By Rose O. Sherman, EdD, RN, NEA, BC, FAAN
Helping staff to navigate their conflicts with one another has always been challenging for nurse leaders. In recent McKinsey research on the nurse manager role, nurse managers indicated that managing conflict and performance issues are the top frustrations in their role and areas where they need additional training. The issues surrounding conflict management have intensified. Consider the following story, a leader recently discussed in a workshop:
I have been a leader for a considerable amount of time. Managing conflict has always been hard, but today, it is almost impossible. Staff don’t want to talk to other team members. They come into my office and behave as if it is my responsibility to make it go away. I am mediating more and more conflicts, and it has become exhausting. Our youngest generation of nurses lacks skills in this area. They have grown up in a world where you defriend or block those with whom you disagree – essentially, you remove them from your world. You can’t do this in healthcare – we rely heavily on teamwork. I don’t expect them to be friends, but they do have to work together. Informally, I am being told by my charge nurses that a significant percentage of call-ins on my unit are related to conflict management issues – i.e., people who don’t want to work together.

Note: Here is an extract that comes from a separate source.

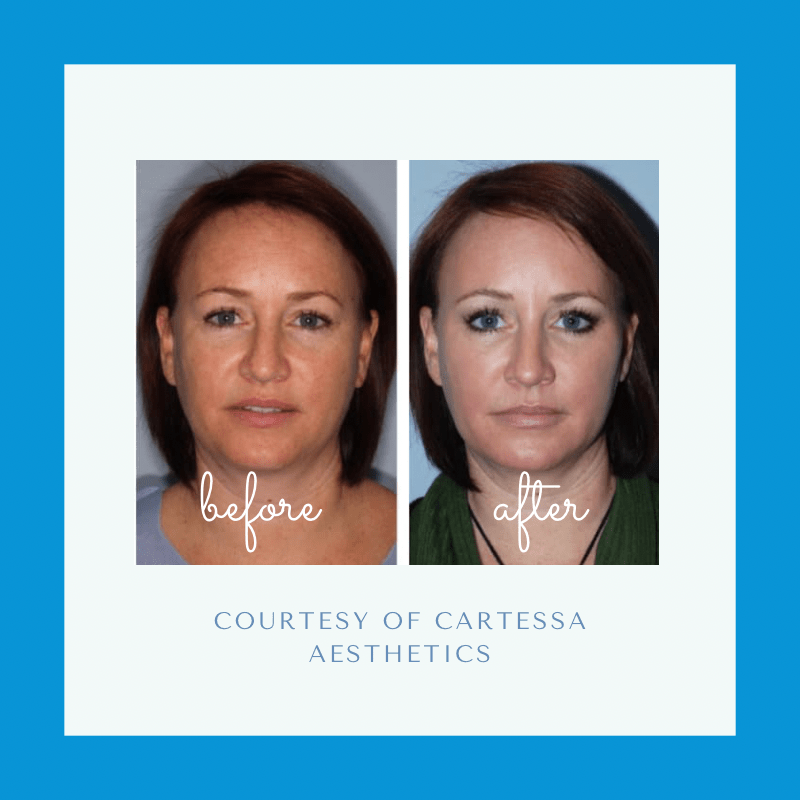 Before and after Tetra CO2 Laser Treatment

This leader is not alone. I have heard similar stories repeatedly from both nurse managers and charge nurses. Sometimes managers are even called at home in the evening or on the weekends to weigh in on a conflict when they have charge nurses and administrative supervisors there to support the staff.
These managers are not alone in grappling with helping younger staff manage conflict. This past weekend, The Wall Street Journal published a fascinating article titled “College Students Are Using ‘No Contact Orders’ to Block Each Other in Real Life.” It is a story about how no contact orders (similar to restraining orders), which were once almost exclusively used in sexual harassment cases are now routinely requested by both students and their parents. NCOs ,contend college administrators, have become the go-to solution for a generation uncomfortable with face-to face conflict.
Over the past 10 years, the circumstances under which a student might request an NCO have expanded considerably. Their quiet use for other purposes—roommate disputes, ruptures between friends, relationship issues that don’t rise to the level of sexual harassment— is so secretive, traumatizing and potentially damaging that most students and administrators interviewed for the Wall Street Journal story would only speak anonymously. College administrators acknowledge that few requests are denied. One professor whose scholarly area is conflict resolution noted that “We generally know that students are increasingly fragile and conflict-averse, which leads to an increased desire to request a no contact order.”
Given what was reported in this story, it is not surprising that nurse leaders are struggling. New graduates leave academic environments and enter healthcare with the set of expectations that the support of conflict avoidance will continue.
But healthcare settings are different than college. There is an expectation of strong teamwork and we know from the work of Patrick Lencioni that teams that can’t successfully navigate conflict become dysfunctional. I always reinforce to leaders that learning to successfully manage conflict is a professional expectation. It is non-negotiable in healthcare environments because an inability to manage conflict is a patient safety issue. That is the framework to use when discussing it with nurses.
Given what we know and the challenges presented in this article and others, it becomes clear that not every new nurse will start practice with the needed conflict management skills. They will need to be intentionally taught as part of residency programs and nursing orientation. Nurse managers should not be expected to do this alone.